Data items:
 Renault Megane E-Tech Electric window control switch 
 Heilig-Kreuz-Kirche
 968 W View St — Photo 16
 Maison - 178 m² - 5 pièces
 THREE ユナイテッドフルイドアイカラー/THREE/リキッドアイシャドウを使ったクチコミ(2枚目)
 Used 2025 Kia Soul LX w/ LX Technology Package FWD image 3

Required action ->
Begin with the line that contains "THREE ユナイテッドフル" and end with the last line of the data. Repeat those two lines and all between them exactly.

Answer space ->
 THREE ユナイテッドフルイドアイカラー/THREE/リキッドアイシャドウを使ったクチコミ(2枚目)
 Used 2025 Kia Soul LX w/ LX Technology Package FWD image 3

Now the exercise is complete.